En 1774, Herder es un francotirador y el pensamiento de las Luces disfruta —especialmente en la Prusia de Federico II— de un prestigio considerable. Será necesaria la derrota de Jena y la ocupación napoleónica para que la idea de Volksgeist alcance su auténtico apogeo. Alemania —desmigajada en multitud de principados— recupera el sentido de su unidad ante la Francia conquistadora. La exaltación de la identidad colectiva compensa la derrota militar y la envilecedora sujeción que es su precio. Con el maravillado descubrimiento de su cultura, la nación se resarce de la humillación que está sufriendo. Para olvidar la impotencia, se entrega a la teutomanía. Los valores universales que reivindica Francia para justificar su hegemonía son recusados en nombre de la especificidad alemana, y corresponde a los poetas y a los juristas demostrar esta ancestral germanidad. A los juristas les toca conmemorar las soluciones tradicionales, las costumbres, las máximas y las sentencias que forman la base del derecho alemán, obra colectiva, fruto de la acción involuntaria y silenciosa del espíritu de la nación. Incumbe a los poetas defender el genio nacional contra la insinuación de las ideas extranjeras; limpiar la lengua sustituyendo las palabras alemanas de origen latino por otras puramente germánicas; exhumar el tesoro oculto de las canciones populares, y, en su propia práctica, seguir el ejemplo del folklore, estado de frescura, de inocencia y de perfección en el que la individualidad del pueblo todavía está indemne de cualquier contagio y se expresa al unísono.

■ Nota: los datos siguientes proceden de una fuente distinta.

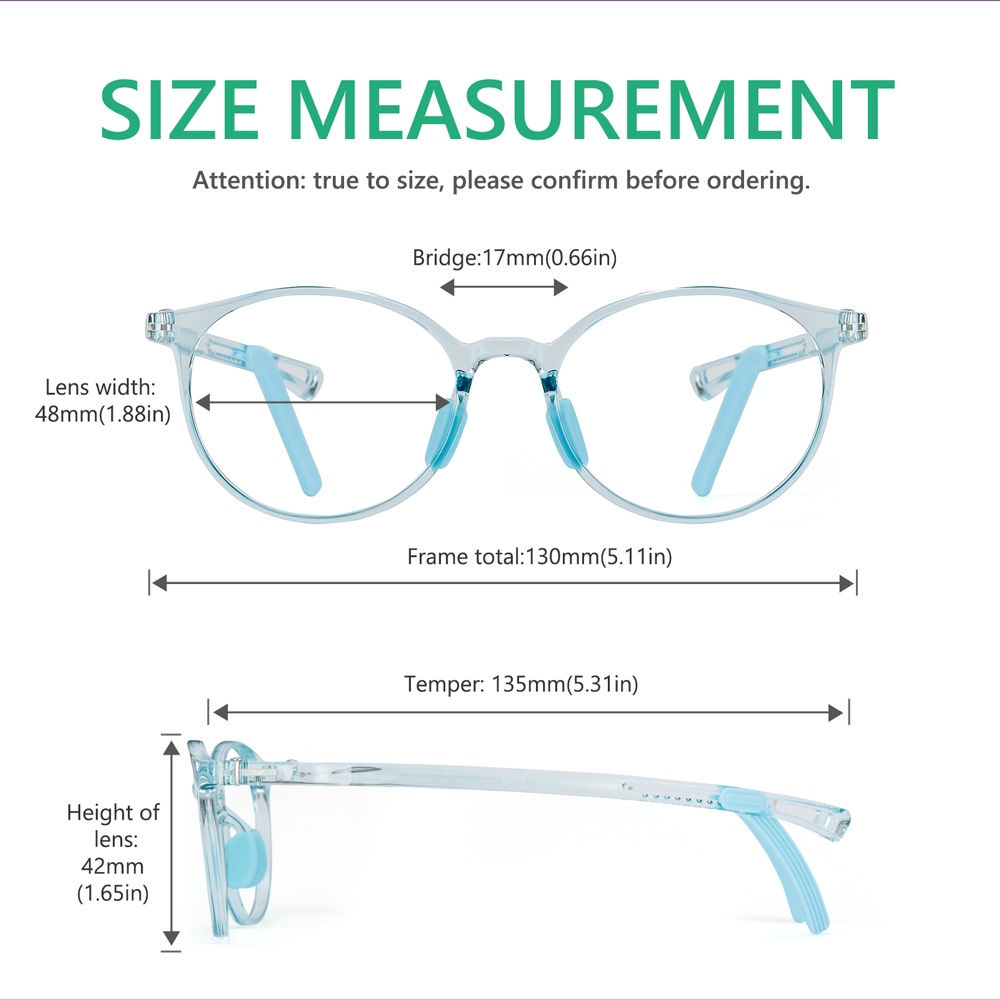 Kính Chống Ánh Sáng Xanh cyxus 6001 Có Hộp tr90 6001 Cho Bé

Los filósofos de las Luces se definían a sí mismos como «los apacibles legisladores de la razón»[4]. Dueños de la verdad y de la justicia, oponían al despotismo y a los abusos la equidad de una ley ideal. Con el romanticismo alemán, todo se invierte: como depositarios privilegiados del Volksgeist, juristas y escritores combaten en primer lugar las ideas de razón universal o de ley ideal. Para ellos, el término cultura ya no se remite al intento de hacer retroceder el prejuicio y la ignorancia, sino a la expresión, en su singularidad irreductible, del alma única del pueblo del que son los guardianes.